Thilo Hinterberger und Birgit Ertl

Die Würde des Menschen

Birgit Ertl

Die Würde des Menschen ist unantastbar, heißt es in Art. 1 in unserem Grundgesetz. Aber was ist Würde eigentlich? Wie kann sie beschrieben, erklärt, ja „dingfest“ gemacht werden? Gibt es ganz viele unterschiedliche Vorstellungen von Würde, oder gibt es die eine „richtige“ Würde, auf die wir uns alle verständigen könnten? Oder haben nur Würdenträger Würde?

Hat der Mensch als Rentner noch Würde, obwohl er oder sie nicht mehr in Amt und Würden ist? Viele Fragen tauchen da auf. Anhand einer kleinen Literaturrecherche werden auch viele Antworten gefunden. Eine der schönsten lautet: „Ich halte die eigene Würde, den Selbstrespekt, für so wertvoll, dass damit zu zahlen immer ein zu hoher Preis ist.“ (Jorge Bucay).

Schlüsselwörter

Gestaltungsauftrag, Wesensmerkmal, angeborene Würde, Gottesebenbildlichkeit, Vernunft, Selbstbeherrschung, Moralität, Verantwortung, Selbstachtung, Menschenrechte, erworbene Würde, Freiheit

Würde – eine bewusstseinswissenschaftliche Perspektive

Thilo Hinterberger

Würde wird zunächst als impliziter Wertschätzungsauftrag definiert, der im menschlichen Bewusstsein als Bewusstseinsqualität eingeprägt ist. Dieser Wertschätzungsauftrag steht mit Konstrukten wie Gewissen, Güte, Selbst- wert, Toleranz oder Selbstgewissheit in enger Beziehung. Diese sind subjektiver Natur und dennoch existieren zu jedem dieser Aspekte objektive Komplemente. So sind Ehre und Achtung äußere Komplemente der stets subjektiv empfundenen Würde. Während sich das eigene Würdeempfinden auf dem Wert des eigenen Seins gründet, finden wir diese existenziellen Werte auch in anderen Menschen, Tieren, der gesamten belebten Natur oder sogar in Gegenständen wieder, weshalb wir die Haltung der Würde auch externalisieren können. Dabei begründet sich der Wert auf verschiedene Aspekte des Unverfügbaren, welches in der Würde seinen Schutz erhält. Eine Sammlung von würdebezogenen Fragen aus dem psychosomatischen Kontext konnte die salutogene Wirkung der Würde bestätigen, indem diese mit Resilienz und Lebenskompetenzen positiv und mit psychosomatischen Symptomen negativ korrelieren. Schließlich wird eine Reihe von Aktivitäten, Praktiken und therapeutischen Verfahren genannt, die zur Entwicklung von Würde beitragen.

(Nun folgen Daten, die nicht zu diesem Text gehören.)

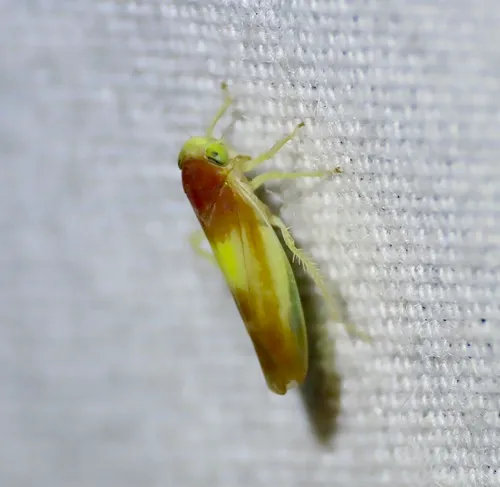 Colladonus setaceus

Würde ist daher ein wertvolles Gut einer Bewusstseinskultur.

Schlüsselwörter

Würde, Bewusstseinsqualität, Wertschätzung

Vom Wert des Lebens – oder: warum Böden, Pflanzen und Tiere Würde haben

Franz-Theo Gottwald

Menschen haben eine Verantwortung gegenüber den nachfolgenden Generationen, die allein schon deshalb beachtet werden sollte, weil sie letztlich den Fortbestand der menschlichen Nachkommenschaft sichert. Dabei geht es nicht nur um blanke Überlebenssicherung. Die nächsten Generationen sollen vielmehr genauso gut leben können wie wir. Sie sollen die natürlichen Ressourcen nutzen, saubere Luft atmen und reines Wasser trinken können. Es muss ihnen möglich sein, auf fruchtbaren Böden eine Vielzahl von Pflanzen anzubauen und gesunde, widerstandsfähige und regional angepasste Tiere zu züchten und zu hal- ten. Statt dem langfristig zutiefst lebensfeindlichen Motto „höher, schneller, weiter, mehr“ hinterherzujagen, muss eine Rückbesinnung auf die Würde von Böden, Pflanzen und Tieren und die Schönheit von Kulturlandschaften erfolgen. Nur wenn deren Eigenwert anerkannt und achtsam gewollt wird, lässt sich rechtlich die garantierte Würde des Menschen gewährleisten. Ein achtsames, bewusstes Einüben in diesen Imperativ des schonenden, bewahrenden, lebensfördernden, gemächlichen Umgangs mit allem Lebendigen ist nicht schwer. Es gelingt in vielen Gemeinschaften weltweit schon heute, seien sie buddhistischer, islamischer, christlicher Prägung, seien sie indigenen Ursprungs oder aber bei Menschen, die sich für einen veganen Lebensstil oder einen suffizienten Lebensstil entschieden haben.

Schlüsselwörter

bewusster Umgang mit dem Lebendigen, Pflanzen- und Tierwürde

Die Würde des Lebens ist unantastbar – ein Aufruf

Claus Eurich

In der modernen Welt hat sich der Mensch ins Zentrum allen Geschehens gerückt. Er ist sich selbst der einzige und letzte Maßstab geworden. Der technische Fortschritt und der teilweise unermessliche Reichtum wurden mit der schonungslosen Ausbeutung der Lebensgrundlagen und der natürlichen Ressourcen bezahlt. Das nichtmenschliche Leben geriet in diesem Prozess zur reinen Verfügungsmasse für menschliche Konsumbedürfnisse und den Ruf nach immer mehr. So hat ein gewaltiges Artensterben begonnen. Die großen Verfassungen auf dieser Erde haben dies befördert. Dies gilt auch für das ansonsten großartige Grundgesetz der Bundesrepublik Deutschland. Der Mensch alleine ist hier Ausgangs- und Zielpunkt der Orientierung. Würde kommt alleine ihm zu. Einklagbare Rechte werden im Wesentlichen nur ihm zugesprochen. Seine Vermehrung und seine Bedürfnisse stehen außer Frage. Heute sehen wir nicht nur, sondern wir beginnen zu spüren, welche Folgen diese Selbstbezüglichkeit hat. Nicht nur der Mensch, das Leben an sich auf diesem Planeten steht am Scheideweg.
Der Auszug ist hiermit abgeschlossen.